● Exercise prompt:
Return, exactly and in full, the lines of the records below starting at the one with "Woman standing indoors" and ending at the one with "a person operating", and no other lines.

● Records shown:
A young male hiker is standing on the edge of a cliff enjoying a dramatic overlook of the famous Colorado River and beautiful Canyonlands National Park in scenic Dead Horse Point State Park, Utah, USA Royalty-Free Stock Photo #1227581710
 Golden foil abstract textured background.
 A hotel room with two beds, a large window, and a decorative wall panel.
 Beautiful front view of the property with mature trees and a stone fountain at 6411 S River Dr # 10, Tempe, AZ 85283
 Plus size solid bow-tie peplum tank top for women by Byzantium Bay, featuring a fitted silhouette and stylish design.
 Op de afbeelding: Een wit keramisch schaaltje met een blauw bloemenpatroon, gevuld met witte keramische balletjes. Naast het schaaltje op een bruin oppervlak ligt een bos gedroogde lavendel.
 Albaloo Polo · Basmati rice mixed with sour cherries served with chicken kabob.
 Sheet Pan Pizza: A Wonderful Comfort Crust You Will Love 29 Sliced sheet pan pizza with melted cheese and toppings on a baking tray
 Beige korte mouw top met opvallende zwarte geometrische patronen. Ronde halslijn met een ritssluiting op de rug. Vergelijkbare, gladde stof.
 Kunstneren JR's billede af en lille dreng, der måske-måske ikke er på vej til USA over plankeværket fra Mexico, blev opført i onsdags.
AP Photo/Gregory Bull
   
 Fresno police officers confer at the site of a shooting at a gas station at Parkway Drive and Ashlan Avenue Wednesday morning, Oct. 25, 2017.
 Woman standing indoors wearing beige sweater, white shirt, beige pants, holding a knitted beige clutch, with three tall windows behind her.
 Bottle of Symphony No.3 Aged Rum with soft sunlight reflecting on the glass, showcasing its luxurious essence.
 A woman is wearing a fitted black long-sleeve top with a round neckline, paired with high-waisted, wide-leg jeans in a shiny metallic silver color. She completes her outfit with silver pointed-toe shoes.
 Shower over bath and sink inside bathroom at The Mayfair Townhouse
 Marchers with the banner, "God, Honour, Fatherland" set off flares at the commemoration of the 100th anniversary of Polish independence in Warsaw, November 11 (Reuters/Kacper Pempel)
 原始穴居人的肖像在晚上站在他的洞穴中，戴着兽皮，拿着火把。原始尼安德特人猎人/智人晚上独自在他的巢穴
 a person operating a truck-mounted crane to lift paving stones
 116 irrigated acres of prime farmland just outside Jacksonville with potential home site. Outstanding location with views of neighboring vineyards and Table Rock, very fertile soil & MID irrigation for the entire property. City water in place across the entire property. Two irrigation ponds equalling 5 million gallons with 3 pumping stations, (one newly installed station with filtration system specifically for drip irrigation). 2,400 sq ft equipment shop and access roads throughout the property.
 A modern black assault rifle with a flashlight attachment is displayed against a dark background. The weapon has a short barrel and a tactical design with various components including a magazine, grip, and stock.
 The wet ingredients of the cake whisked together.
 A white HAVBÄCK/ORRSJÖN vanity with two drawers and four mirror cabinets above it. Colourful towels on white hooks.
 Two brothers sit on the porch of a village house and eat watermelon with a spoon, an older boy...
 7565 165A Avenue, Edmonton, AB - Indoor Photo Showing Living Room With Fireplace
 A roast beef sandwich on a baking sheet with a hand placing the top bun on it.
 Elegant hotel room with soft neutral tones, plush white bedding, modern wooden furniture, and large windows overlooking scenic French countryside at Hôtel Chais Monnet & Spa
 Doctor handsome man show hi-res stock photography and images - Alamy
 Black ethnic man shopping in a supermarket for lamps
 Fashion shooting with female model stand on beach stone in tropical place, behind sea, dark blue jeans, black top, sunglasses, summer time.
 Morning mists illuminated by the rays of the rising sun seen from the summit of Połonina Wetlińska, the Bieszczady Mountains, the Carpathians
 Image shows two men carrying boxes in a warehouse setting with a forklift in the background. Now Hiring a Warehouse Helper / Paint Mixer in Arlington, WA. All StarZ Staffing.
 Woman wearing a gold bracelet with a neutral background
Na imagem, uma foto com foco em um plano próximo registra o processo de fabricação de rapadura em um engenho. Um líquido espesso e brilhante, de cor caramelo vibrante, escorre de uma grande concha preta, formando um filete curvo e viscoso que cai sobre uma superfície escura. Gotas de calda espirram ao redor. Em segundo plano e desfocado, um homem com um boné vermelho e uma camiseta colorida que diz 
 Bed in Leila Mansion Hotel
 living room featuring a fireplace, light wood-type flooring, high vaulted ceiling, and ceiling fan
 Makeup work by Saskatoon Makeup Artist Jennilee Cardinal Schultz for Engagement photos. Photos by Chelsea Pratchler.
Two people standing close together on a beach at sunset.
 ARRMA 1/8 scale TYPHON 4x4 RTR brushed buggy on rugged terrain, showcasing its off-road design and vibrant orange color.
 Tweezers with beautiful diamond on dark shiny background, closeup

● Written solution:
 Woman standing indoors wearing beige sweater, white shirt, beige pants, holding a knitted beige clutch, with three tall windows behind her.
 Bottle of Symphony No.3 Aged Rum with soft sunlight reflecting on the glass, showcasing its luxurious essence.
 A woman is wearing a fitted black long-sleeve top with a round neckline, paired with high-waisted, wide-leg jeans in a shiny metallic silver color. She completes her outfit with silver pointed-toe shoes.
 Shower over bath and sink inside bathroom at The Mayfair Townhouse
 Marchers with the banner, "God, Honour, Fatherland" set off flares at the commemoration of the 100th anniversary of Polish independence in Warsaw, November 11 (Reuters/Kacper Pempel)
 原始穴居人的肖像在晚上站在他的洞穴中，戴着兽皮，拿着火把。原始尼安德特人猎人/智人晚上独自在他的巢穴
 a person operating a truck-mounted crane to lift paving stones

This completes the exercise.